Pappas, Kuster, face pro-Trump Republicans in New Hampshire

New Hampshire’s two congressional races pit Democratic incumbents against pro-Donald Trump Republican challengers, with one poised to make history as the youngest woman in Congress at age 25 if elected

Kathy McCormack
Tuesday 08 November 2022 10:00 GMT

New Hampshire's two congressional races pit Democratic incumbents against pro-Donald Trump Republican challengers, with one poised to make history as the youngest woman in Congress at age 25 if elected.

Up for reelection as voting ends Tuesday are 1st Congressional District Rep. Chris Pappas and 2nd Congressional District Rep. Annie Kuster. Pappas is seeking a third term, Kuster a sixth.

The 1st District has a history of switching between parties. It flipped five times in seven elections before Pappas, now 42, won the open seat in 2018. The district includes Manchester, the state’s most populous city, Portsmouth on the Seacoast and rural communities farther north.

Pappas, who helped run his family's restaurant, faces Republican Karoline Leavitt, who worked in former President Donald Trump’s White House press office and then as communications director for Republican U.S. Rep. Elise Stefanik of New York.

Leavitt would be the youngest woman elected to Congress if she wins, four years younger than current recordholder Alexandria Ocasio-Cortez when she was elected in 2018.

Kuster, an attorney, faces Republican Robert Burns, who runs a pharmaceutical quality control business.

The sprawling, mostly rural district stretches from New Hampshire’s border with Canada to the Massachusetts line. It includes the cities of Nashua and Concord.

Burns ran for the seat once before in 2018, but lost in that primary to Steve Negron, who was later defeated by Kuster.

If Burns wins, it will be the first time the district is back in GOP hands since Kuster defeated former Republican Rep.
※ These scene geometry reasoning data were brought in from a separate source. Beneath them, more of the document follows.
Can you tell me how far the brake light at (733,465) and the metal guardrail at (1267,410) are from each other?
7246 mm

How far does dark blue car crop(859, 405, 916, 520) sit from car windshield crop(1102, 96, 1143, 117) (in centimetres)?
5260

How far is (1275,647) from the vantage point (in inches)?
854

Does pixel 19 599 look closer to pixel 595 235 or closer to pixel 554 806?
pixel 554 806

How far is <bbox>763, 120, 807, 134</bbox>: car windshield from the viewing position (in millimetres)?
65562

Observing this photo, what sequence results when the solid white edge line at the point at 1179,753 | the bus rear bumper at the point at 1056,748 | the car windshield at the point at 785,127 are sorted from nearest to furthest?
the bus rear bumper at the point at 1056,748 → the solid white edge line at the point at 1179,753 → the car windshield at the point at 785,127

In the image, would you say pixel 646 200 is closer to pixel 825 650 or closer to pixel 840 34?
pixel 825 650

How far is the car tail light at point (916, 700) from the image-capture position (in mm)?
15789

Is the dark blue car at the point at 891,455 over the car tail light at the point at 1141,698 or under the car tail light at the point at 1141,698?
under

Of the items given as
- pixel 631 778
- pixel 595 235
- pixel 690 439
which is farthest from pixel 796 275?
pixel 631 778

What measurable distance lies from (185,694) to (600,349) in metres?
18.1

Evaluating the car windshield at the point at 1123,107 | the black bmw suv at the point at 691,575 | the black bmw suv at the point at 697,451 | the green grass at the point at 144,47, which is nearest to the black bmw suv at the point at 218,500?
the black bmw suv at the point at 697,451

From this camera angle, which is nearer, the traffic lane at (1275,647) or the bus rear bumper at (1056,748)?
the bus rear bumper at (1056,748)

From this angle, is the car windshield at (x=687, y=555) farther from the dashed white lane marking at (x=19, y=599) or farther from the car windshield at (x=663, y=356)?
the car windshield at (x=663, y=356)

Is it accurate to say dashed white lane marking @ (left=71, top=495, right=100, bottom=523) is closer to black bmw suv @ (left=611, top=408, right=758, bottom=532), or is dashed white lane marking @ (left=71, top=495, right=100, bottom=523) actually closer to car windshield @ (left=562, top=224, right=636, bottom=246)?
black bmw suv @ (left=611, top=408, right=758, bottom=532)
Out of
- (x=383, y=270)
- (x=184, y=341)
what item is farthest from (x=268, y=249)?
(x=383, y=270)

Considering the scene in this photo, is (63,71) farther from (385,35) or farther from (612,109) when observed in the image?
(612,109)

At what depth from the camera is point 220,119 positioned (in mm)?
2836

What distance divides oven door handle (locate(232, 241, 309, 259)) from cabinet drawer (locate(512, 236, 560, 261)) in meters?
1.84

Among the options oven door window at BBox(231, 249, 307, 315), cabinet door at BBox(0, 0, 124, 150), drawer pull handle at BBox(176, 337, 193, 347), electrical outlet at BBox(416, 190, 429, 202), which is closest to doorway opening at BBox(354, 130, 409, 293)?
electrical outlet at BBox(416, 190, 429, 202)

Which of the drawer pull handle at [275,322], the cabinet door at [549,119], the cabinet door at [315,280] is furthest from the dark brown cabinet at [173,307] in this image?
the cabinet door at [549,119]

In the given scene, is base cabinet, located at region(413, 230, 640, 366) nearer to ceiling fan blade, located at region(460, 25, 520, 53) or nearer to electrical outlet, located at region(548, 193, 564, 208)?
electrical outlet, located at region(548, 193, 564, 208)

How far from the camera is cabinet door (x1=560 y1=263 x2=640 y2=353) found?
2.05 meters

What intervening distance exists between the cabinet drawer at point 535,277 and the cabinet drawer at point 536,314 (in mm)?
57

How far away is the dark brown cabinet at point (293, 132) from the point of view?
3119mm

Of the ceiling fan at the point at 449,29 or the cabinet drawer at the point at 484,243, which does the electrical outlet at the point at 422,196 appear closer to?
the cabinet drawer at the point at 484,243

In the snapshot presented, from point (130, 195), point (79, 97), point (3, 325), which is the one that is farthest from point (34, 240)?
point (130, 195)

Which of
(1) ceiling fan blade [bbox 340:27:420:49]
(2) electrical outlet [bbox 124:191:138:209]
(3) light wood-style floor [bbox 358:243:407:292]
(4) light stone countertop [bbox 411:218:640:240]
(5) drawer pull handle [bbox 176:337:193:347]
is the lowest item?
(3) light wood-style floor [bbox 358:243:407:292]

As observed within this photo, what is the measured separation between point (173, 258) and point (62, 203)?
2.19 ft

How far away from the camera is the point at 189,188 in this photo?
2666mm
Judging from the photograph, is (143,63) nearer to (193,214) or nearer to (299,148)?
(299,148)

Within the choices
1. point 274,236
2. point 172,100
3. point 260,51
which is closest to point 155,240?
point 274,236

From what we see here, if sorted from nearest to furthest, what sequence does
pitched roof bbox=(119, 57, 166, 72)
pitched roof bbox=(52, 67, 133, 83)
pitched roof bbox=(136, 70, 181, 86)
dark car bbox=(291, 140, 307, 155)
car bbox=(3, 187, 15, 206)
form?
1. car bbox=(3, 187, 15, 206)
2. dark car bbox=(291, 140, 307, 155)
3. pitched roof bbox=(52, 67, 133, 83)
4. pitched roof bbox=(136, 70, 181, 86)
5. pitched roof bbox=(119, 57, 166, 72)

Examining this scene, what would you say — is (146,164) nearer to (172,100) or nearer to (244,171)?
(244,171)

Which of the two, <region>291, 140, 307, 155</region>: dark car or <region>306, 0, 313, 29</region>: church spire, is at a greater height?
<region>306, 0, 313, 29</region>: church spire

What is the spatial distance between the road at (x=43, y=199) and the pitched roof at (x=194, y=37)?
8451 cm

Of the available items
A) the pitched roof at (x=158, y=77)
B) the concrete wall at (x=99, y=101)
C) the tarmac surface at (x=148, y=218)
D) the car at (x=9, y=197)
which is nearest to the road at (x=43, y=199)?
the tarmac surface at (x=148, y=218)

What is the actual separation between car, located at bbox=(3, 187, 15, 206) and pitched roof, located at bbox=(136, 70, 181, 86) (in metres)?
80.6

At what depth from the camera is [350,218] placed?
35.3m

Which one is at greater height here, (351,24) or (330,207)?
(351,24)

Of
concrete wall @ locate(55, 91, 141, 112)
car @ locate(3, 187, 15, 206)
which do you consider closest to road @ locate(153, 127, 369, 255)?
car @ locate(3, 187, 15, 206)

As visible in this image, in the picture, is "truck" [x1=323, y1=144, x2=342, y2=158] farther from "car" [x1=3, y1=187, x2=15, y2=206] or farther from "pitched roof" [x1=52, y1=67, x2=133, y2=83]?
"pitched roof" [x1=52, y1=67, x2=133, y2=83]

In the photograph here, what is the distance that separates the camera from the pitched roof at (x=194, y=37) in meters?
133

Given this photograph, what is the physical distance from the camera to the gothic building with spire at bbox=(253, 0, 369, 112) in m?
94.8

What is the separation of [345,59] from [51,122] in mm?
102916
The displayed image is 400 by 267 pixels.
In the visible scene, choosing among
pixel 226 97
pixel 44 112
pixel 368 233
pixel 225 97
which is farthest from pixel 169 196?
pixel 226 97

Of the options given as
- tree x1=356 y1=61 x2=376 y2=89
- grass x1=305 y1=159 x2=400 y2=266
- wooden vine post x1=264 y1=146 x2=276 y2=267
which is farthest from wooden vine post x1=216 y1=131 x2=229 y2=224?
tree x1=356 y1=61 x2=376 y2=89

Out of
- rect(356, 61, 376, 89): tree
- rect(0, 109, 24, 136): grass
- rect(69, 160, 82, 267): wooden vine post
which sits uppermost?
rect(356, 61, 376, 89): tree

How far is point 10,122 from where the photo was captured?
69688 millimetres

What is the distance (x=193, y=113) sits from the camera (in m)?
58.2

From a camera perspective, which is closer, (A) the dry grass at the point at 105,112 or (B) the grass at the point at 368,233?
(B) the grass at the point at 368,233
Charles Bass in 2012.

But it wouldn't be the first time New Hampshire sends a Robert Burns to Congress. Voters elected one in the 19th century. Robert Burns, who practiced medicine and was a Jacksonian, served as a U.S. representative from 1833-1837.

Both the current Robert Burns and Leavitt, who campaigned on a pro-Trump “America First" platform, defeated candidates favored to win in their primary races.
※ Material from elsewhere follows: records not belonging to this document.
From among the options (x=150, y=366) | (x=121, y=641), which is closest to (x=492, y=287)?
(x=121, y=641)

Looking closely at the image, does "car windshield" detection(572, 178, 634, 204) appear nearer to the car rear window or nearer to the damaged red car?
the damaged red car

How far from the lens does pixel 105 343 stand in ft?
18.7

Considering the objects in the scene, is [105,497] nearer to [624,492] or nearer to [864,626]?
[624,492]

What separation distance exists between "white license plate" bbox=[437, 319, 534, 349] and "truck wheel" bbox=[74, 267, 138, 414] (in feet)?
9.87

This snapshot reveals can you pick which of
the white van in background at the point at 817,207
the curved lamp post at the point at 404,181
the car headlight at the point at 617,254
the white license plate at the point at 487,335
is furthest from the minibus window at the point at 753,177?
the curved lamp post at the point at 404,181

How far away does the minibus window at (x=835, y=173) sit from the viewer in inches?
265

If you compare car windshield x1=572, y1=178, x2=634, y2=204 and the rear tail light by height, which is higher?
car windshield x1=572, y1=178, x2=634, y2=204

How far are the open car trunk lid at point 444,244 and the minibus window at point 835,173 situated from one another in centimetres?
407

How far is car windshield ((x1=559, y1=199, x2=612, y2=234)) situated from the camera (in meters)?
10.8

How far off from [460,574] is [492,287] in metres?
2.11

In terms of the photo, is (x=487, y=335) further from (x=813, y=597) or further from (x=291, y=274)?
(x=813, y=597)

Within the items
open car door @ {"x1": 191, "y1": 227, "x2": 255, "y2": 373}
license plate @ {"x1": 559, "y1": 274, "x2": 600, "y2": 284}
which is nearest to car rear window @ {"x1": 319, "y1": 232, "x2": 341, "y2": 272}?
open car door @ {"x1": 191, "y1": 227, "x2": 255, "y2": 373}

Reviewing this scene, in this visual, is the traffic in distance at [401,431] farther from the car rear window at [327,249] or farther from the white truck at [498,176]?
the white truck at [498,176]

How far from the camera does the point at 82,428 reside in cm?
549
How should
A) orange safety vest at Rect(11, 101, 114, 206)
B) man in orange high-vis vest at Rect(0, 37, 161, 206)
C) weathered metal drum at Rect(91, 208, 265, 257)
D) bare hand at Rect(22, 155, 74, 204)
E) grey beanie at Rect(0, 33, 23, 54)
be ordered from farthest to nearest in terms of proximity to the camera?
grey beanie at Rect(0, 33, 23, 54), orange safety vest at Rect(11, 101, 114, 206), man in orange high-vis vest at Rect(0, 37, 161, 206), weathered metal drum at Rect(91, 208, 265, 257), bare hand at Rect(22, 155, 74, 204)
Leavitt beat Matt Mowers, who won the nomination in 2020 and was endorsed at the time by Trump, but lost in the general election to Pappas. Burns defeated George Hansel, the mayor of Keene and a moderate who was endorsed by Republican Gov. Chris Sununu.

Leavitt said she believed the 2020 election was stolen from Trump; Burns said Joe Biden had enough votes to win the presidency. Trump recently endorsed both of them.
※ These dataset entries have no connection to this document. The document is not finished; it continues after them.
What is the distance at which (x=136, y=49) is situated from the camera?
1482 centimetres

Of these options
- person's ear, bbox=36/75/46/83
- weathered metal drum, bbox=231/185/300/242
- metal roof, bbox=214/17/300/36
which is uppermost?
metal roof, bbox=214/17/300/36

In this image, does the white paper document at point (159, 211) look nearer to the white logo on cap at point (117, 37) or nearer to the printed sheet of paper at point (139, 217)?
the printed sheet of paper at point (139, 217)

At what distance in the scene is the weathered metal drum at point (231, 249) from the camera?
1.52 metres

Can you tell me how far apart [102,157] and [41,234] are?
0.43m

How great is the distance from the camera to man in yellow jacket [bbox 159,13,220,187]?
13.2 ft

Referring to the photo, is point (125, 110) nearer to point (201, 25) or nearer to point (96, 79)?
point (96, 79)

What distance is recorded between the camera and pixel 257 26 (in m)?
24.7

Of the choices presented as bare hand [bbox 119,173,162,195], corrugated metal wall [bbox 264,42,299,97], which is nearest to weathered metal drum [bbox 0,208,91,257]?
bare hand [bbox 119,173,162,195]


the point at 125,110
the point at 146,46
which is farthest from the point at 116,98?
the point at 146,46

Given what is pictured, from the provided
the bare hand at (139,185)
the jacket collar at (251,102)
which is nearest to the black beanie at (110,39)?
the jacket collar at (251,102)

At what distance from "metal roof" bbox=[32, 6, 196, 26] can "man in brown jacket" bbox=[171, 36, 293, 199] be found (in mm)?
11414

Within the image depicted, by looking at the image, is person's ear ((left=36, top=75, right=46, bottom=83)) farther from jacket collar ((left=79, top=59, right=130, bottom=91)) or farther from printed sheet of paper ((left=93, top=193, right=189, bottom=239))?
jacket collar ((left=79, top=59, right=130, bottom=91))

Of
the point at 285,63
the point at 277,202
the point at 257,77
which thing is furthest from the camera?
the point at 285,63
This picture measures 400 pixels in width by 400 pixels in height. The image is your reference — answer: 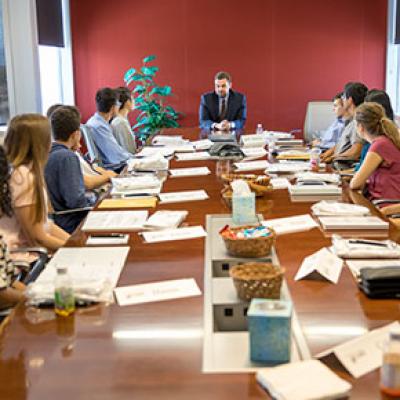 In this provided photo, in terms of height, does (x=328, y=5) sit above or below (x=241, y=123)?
above

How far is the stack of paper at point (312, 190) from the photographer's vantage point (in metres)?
3.44

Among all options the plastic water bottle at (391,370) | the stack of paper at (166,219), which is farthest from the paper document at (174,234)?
the plastic water bottle at (391,370)

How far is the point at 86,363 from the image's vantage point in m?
1.59

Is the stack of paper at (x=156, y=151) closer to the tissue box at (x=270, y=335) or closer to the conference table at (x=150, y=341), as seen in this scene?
the conference table at (x=150, y=341)

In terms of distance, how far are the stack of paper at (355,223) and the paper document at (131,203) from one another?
905 millimetres

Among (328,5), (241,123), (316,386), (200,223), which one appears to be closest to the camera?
(316,386)

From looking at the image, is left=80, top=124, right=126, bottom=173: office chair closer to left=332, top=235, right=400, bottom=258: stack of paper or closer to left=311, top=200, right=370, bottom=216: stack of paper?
left=311, top=200, right=370, bottom=216: stack of paper

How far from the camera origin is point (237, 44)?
8.29 m

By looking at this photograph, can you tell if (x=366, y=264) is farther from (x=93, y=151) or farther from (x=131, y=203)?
(x=93, y=151)

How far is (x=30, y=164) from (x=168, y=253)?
90 cm

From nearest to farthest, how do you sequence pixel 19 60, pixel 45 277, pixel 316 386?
1. pixel 316 386
2. pixel 45 277
3. pixel 19 60

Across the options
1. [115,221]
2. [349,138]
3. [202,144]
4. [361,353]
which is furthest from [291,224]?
[202,144]

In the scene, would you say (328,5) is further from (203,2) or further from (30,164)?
(30,164)

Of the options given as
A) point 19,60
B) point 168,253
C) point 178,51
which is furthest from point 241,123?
point 168,253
Pappas and Kuster focused their campaigns on the passage of the Inflation Reduction Act, which caps the amounts seniors pay for prescription drugs and allows Medicare to negotiate drug prices. It includes Kuster's bill to make vaccines available to seniors for free. Leavitt and Burns argued that the measure actually increases inflation and that the price negotiations don't go into effect until 2026.

Democrats kept abortion rights at the forefront of the campaigns. Pappas and Kuster said they would support the Women’s Health Protection Act, which would protect the right to access abortion care throughout the nation in the wake of the U.S. Supreme Court’s decision to overturn Roe v. Wade.

Leavitt and Burns both describe themselves as pro-life. Leavitt said she supports having state legislatures make decisions on abortion regulations and would oppose a federal abortion ban. Burns initially said he supports a federal “heartbeat bill” banning abortions, with an exception if the mother’s life is at risk. He now says he'd support a ban at 12 or 15 weeks.